As the morning's work drug by, LaMond constantly found himself checking his cameras. Finally, just after lunch, he gave the crew his instructions for the remainder of the day and ran home to get ready to hunt.
Even though they didn't have any good bucks on camera for the new 90 acres, LaMond and his hunting buddy decided to go there for the afternoon hunt because it was close by. I had some stand sites set up, but based on wind and suspected travel routes, I decided to take my climber down into the river bottom and set up there for the afternoon, LaMond said.
Once he was in the tree, LaMond checked his phone for the time. It was early by his standards, about 1:30 in the afternoon. LaMond checked his phone a few times to take care of work details. Just before 3:00, he noticed a deer moving through thick cover about 130 yards away.
As LaMond watched the deer, it drew closer and closer, but never gave the him a good view of its head. LaMond lifted his binoculars and studied the deer's body. It had the appearance of a mature buck. LaMond watched as the deer drew nearer. At 60 yards, the buck passed through enough of an opening that LaMond got a glimpse of its rack. I thought it was a mature buck at that point and decided I was going to take the shot if I got one. I still didn't know exactly how big it was, just that it looked like it was at least 4.5 years old, LaMond said.

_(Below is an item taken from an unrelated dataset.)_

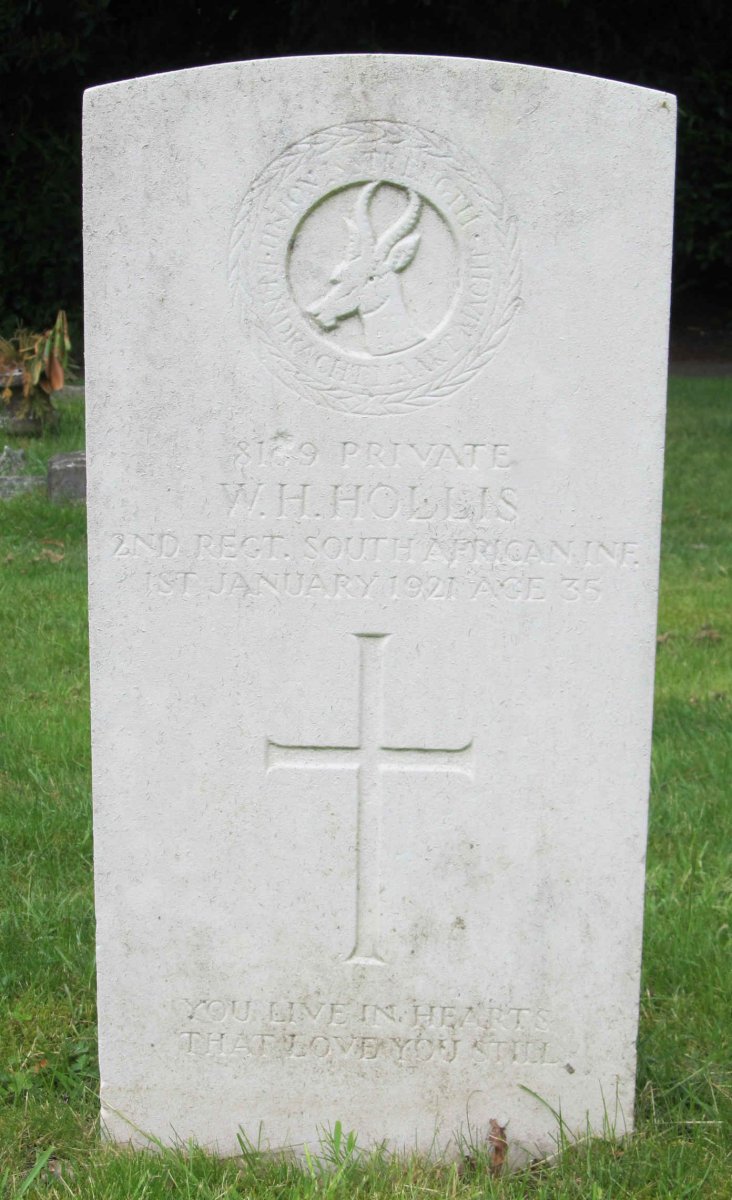 HOLLIS W.H. -1921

The days leading up to muzzleloader season had been busy. LaMond had taken his muzzleloader out to check the zero, but something had been wrong. He couldn't get his previously accurate rifle to group. I didn't have time to figure it out, LaMond said. Then my dad told me to come borrow his because it was sighted in and ready to go.
LaMond lifted the borrowed rifle to his shoulder. By this point, the buck was at 40 yards and LaMond still couldn't get a good look at its rack because of the thick cover. He scanned down the trail the buck was following and noticed a small opening about 10 yards ahead.

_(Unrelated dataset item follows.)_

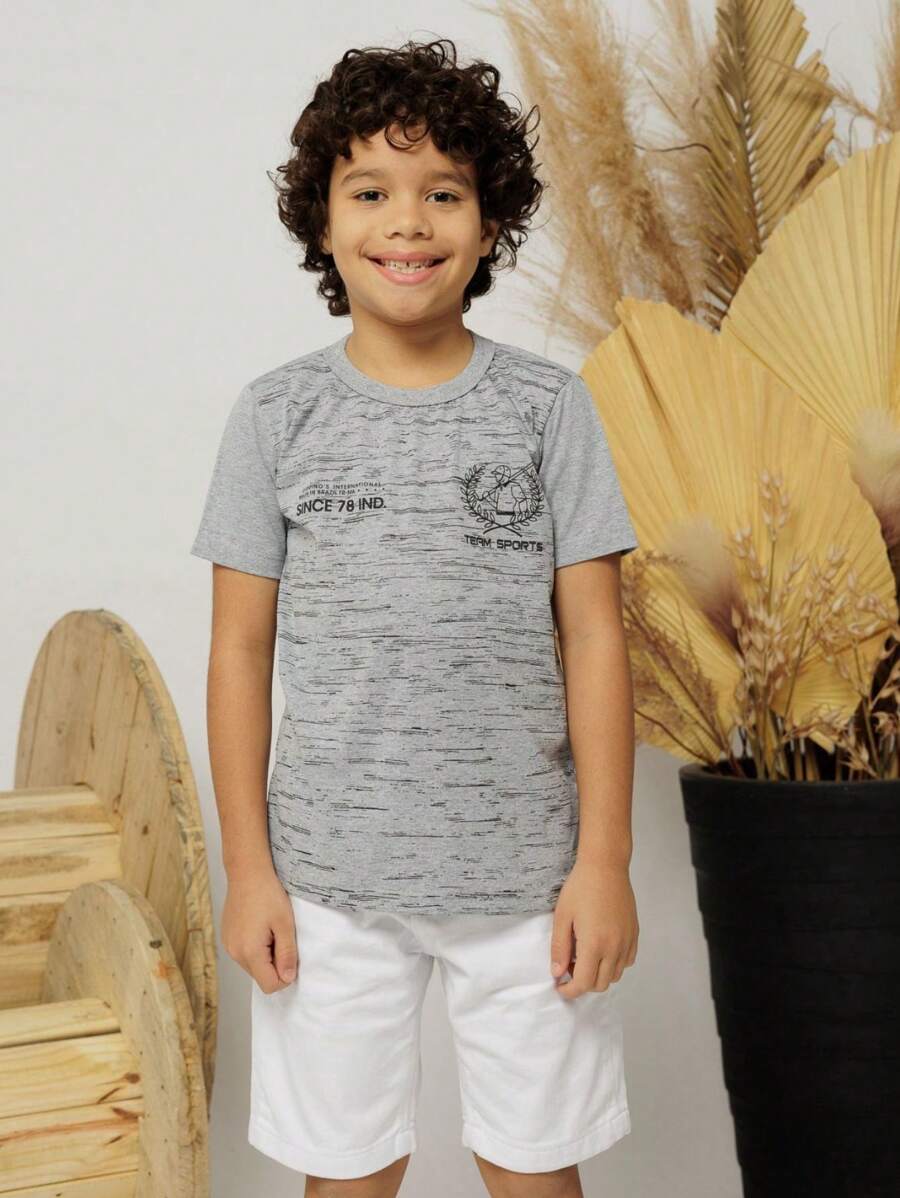Young Boys T-Shirts - 灰色 - 查看 1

I put the crosshairs on the opening, and when the buck's shoulder passed through, I pulled the trigger, LaMond said.
The combination of billowing smoke and thick cover kept LaMond from being able to see the buck's reaction to the shot. The buck bolted straight for the hunter and stopped just 25 yards away. LaMond frantically began to reload his rifle. He watched as the buck staggered, then fell. Even though the deer was close, LaMond didn't see the expected curve of a main beam sticking up from the tall grass where it lay. He started to question himself on whether he had just shot a mature buck.
After giving the buck some time, curiosity took over. LaMond climbed down and approached the downed deer. When I saw him laying there, it honestly took my breath away, LaMond said. The buck was a giant 8 with long tines and one kicker. Even though LaMond knew he would score well, he was surprised at the narrow frame. The buck would eventually tape out at 150 4/8 inches with just 13 1/2 inches of inside spread. The rack had one kicker off the left G2 and was otherwise clean and symmetrical.

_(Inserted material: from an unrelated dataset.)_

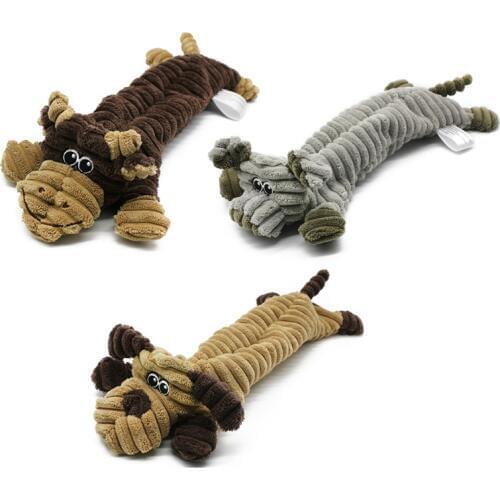 1pc Plush Toy Dog Toys Bite Resistant Cleaning Teeth Dog Chew Puppy Toys Cartoon 16 Styles Animal Pet Toys For Dogs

Word soon spread about the buck. Even though LaMond had never seen the deer, others in the area knew him well. "Within an hour of posting pictures on social media, I got messages from at least six people that had photos of the buck on their trail cameras. It was almost a miracle the buck was still around," he said. "A father told me he and his son had the buck just out of shotgun range during the recent youth season. Another hunter had the buck in bow range on a farm two and a half miles from where I killed him. He came to full draw on the deer but never got a clear shot angle and had to let back down and watch him walk away."